The experiment – known as T2K – uses the Japan Proton Accelerator Research Complex (J-PARC), located on the east coast, to shoot a beam of muon neutrinos 185 miles underground toward the Super-Kamiokande, or Super-K, detector in Kamioka, near Japan’s west coast. The goal of the experiment is to observe the particles changing “flavors” from muon neutrinos to electron neutrinos on their journey.
Neutrinos are elementary particles that come in three flavors – muon, electron and tau. In past experiments, physicists have measured the change of muon neutrinos to tau neutrinos and electron neutrinos to muon neutrinos or tau neutrinos. “But no one had seen muon neutrinos turn into electron neutrinos,” said Duke University physicist Chris Walter.

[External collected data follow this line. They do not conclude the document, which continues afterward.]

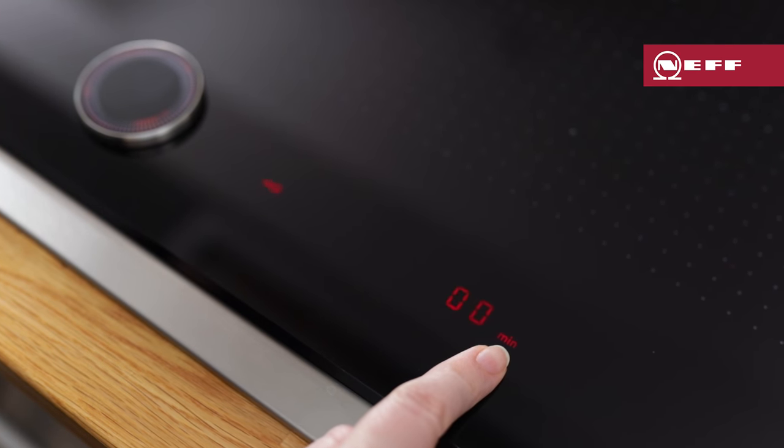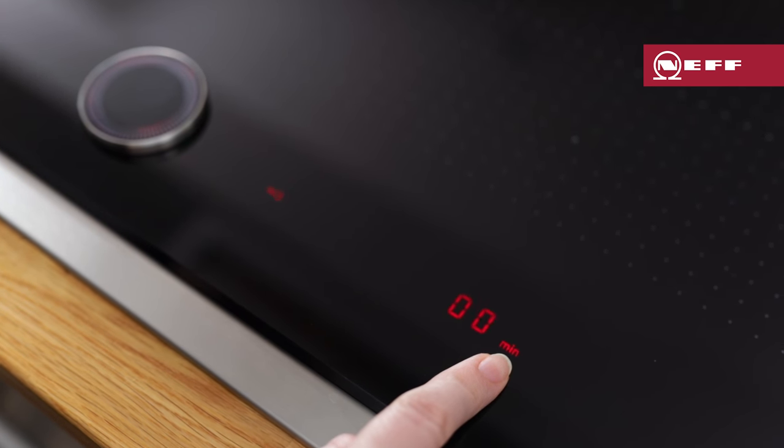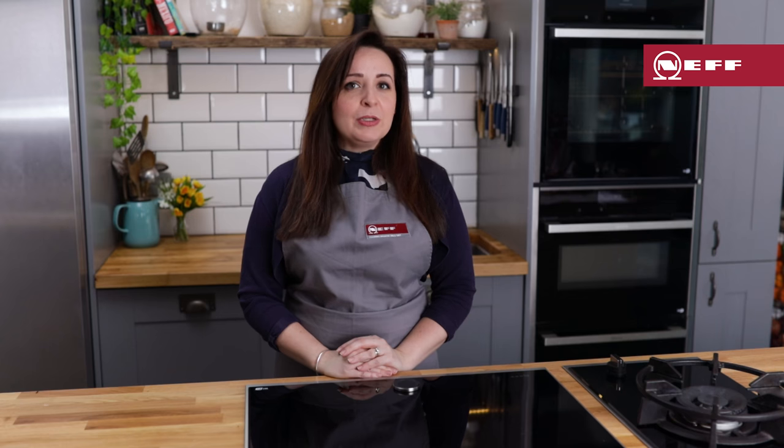To deactivate the child lock, press and hold the bell button for 4 seconds. The lock indicator light will display whilst you're pressing the button. The light will turn off when the hob is unlocked.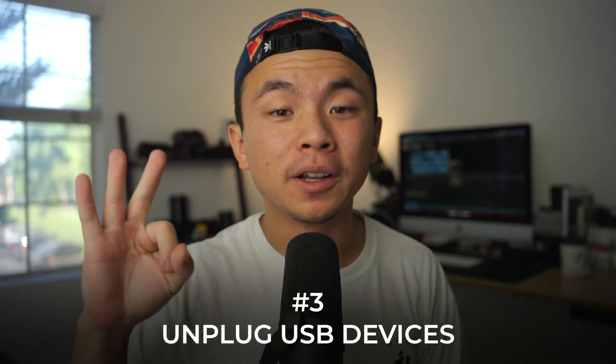Tip number three is all about unplugging your USB devices, whether that's your phone plugged into your laptop or an SSD drive you're working off of when editing photos or videos. All that power has to come from somewhere, and that somewhere is your laptop battery. It's a simple thing to mention, but if you have a keyboard, a mouse, your phone, and something else all plugged in at school or a cafe, it could drain your MacBook pretty fast.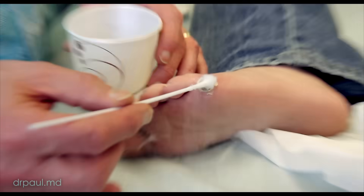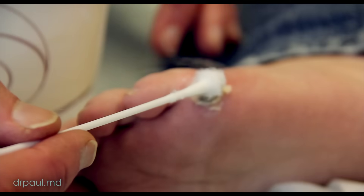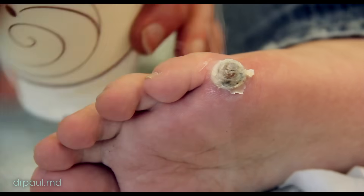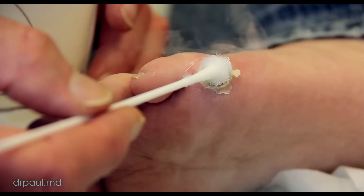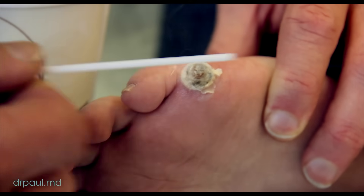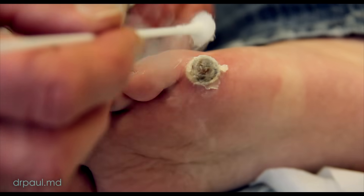You can start to see we're getting about a millimeter rim of white frozen normal tissue, and that's usually your goal because some of these warts go a little bit deep into your skin. We're trying to freeze right down to — some people call it the root of the wart — so we're getting that little rim of freezing. You're doing really well.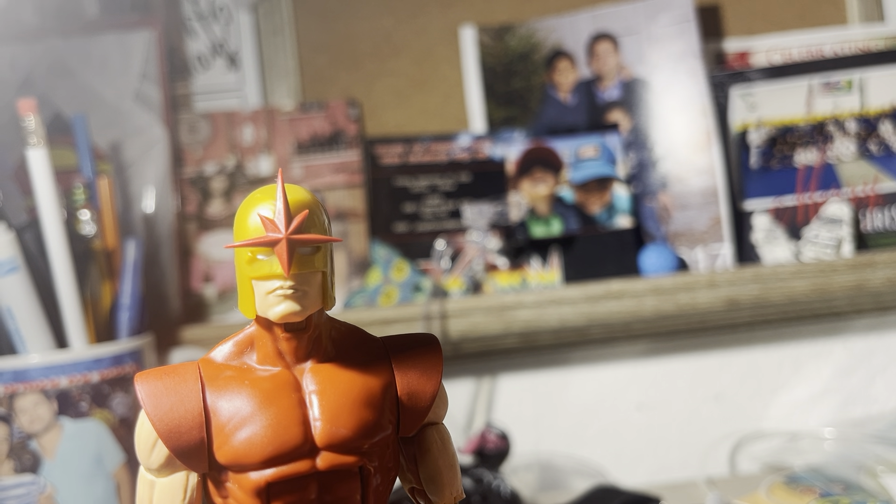In terms of how much he was, I don't really know — that's a question for Amazon since I didn't order this myself. My favorite part is the helmet. I love the helmet. Never thought I would have a Nova in my collection, but here we are. Get ready for the next episode!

Walter is a member of the T2K collaboration, which began observing the neutrinos for their transformations in January 2010. Thy measured the neutrinos, determining their flavor near the accelerator and then again at Super-K. So far, scientists caught 88 neutrinos with their detector. Six of these likely began their lives as muon neutrinos and turned into electron neutrinos on their way to Super-K.
The preliminary findings were submitted to Physical Review Letters, but Walter remains cautious. He explained that the T2K team has taken a little less than two percent of the planned neutrino measurements, partly due to the recent earthquake which forced the shutdown of T2K.
But if the “indications” become “measurements,” the T2K results will be the first to measure a muon-electron neutrino change. Scientists want this measurement to study a fundamental parameter of physics called theta-13, which controls the muon-electron neutrino switch. Walter said there is more than one way to measure theta-13 and that several experiments are currently competing to be the first.
“It’s good news that we have evidence of a relatively large theta-13, since there are even more interesting measurements that can be done if it is big enough,” he said.
If theta-13 is large, it will allow scientists to measure the difference between oscillations of neutrinos and oscillation of anti-neutrinos. Walter explained that just after the Big Bang, “something caused there to be slightly more matter than anti-matter. When the matter and anti-matter annihilated each other, only that little bit of matter was left over. That matter is everything we see around us today. But no one understands how this happened. The difference between neutrino and anti-neutrino properties that we might measure in future experiments might give us clues to how the excess matter was generated.”
T2K is still shutdown, but Walter believes it will be back online at the end of 2011.